TO DO: In the data below, find every line that has the string "time", and copy it.

#### SUPPLIED RECORDS ####

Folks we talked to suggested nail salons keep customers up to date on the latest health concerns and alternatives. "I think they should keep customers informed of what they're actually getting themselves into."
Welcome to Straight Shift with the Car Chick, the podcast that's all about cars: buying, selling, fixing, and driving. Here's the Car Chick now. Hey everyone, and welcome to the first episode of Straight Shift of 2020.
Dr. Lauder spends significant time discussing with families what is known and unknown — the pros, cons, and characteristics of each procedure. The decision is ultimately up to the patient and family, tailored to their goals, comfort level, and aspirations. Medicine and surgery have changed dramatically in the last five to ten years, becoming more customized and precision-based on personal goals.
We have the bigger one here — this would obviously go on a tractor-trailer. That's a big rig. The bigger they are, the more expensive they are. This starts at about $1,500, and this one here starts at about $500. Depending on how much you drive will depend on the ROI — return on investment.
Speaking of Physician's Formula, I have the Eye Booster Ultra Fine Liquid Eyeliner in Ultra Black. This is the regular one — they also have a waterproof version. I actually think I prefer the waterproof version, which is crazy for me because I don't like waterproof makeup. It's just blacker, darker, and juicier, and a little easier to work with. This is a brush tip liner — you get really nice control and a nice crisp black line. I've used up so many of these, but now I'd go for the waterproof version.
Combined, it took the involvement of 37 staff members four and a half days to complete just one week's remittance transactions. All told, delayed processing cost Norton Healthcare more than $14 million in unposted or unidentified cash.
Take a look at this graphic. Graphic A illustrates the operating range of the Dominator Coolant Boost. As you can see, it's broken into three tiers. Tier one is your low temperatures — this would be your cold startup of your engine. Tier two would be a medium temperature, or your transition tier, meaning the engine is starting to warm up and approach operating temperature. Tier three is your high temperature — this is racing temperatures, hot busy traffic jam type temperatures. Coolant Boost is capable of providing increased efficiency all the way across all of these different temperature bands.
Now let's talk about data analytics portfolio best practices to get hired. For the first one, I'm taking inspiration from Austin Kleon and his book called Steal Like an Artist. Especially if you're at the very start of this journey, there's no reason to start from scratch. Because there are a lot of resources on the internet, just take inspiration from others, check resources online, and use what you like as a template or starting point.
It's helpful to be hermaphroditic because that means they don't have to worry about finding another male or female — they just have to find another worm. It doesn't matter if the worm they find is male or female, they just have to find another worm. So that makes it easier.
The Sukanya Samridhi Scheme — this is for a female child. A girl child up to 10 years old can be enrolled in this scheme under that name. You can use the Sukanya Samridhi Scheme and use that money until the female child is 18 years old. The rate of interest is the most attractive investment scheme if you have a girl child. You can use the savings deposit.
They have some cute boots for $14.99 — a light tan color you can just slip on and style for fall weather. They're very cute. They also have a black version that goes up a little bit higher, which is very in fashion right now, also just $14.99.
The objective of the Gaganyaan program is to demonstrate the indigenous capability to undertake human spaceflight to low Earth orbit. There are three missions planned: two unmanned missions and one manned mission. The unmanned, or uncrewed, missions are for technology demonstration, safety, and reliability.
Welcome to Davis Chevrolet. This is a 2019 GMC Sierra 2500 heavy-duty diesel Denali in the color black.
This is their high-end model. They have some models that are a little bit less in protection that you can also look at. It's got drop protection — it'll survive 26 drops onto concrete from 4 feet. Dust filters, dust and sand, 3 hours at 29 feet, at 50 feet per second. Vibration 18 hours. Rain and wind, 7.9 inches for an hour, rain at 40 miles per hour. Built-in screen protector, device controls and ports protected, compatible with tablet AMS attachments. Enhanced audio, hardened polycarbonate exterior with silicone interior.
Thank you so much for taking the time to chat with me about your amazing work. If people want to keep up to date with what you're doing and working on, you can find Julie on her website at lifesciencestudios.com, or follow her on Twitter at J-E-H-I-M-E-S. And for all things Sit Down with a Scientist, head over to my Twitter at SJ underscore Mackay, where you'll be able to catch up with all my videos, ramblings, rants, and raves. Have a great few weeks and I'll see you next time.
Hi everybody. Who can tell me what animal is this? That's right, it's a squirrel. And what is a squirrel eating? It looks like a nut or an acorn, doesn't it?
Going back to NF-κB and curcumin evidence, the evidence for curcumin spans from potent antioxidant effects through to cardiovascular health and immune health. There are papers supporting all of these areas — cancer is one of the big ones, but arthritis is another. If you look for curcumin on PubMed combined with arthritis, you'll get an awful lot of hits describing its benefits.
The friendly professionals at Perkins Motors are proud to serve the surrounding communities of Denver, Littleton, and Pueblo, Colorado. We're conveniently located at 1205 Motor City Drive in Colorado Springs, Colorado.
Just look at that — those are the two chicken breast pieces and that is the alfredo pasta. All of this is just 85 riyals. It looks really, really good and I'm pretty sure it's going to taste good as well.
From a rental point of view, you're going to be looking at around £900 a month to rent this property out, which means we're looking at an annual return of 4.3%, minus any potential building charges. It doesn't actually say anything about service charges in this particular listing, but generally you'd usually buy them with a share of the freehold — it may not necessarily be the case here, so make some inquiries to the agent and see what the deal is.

####

FINISHED TASK:
Dr. Lauder spends significant time discussing with families what is known and unknown — the pros, cons, and characteristics of each procedure. The decision is ultimately up to the patient and family, tailored to their goals, comfort level, and aspirations. Medicine and surgery have changed dramatically in the last five to ten years, becoming more customized and precision-based on personal goals.
Thank you so much for taking the time to chat with me about your amazing work. If people want to keep up to date with what you're doing and working on, you can find Julie on her website at lifesciencestudios.com, or follow her on Twitter at J-E-H-I-M-E-S. And for all things Sit Down with a Scientist, head over to my Twitter at SJ underscore Mackay, where you'll be able to catch up with all my videos, ramblings, rants, and raves. Have a great few weeks and I'll see you next time.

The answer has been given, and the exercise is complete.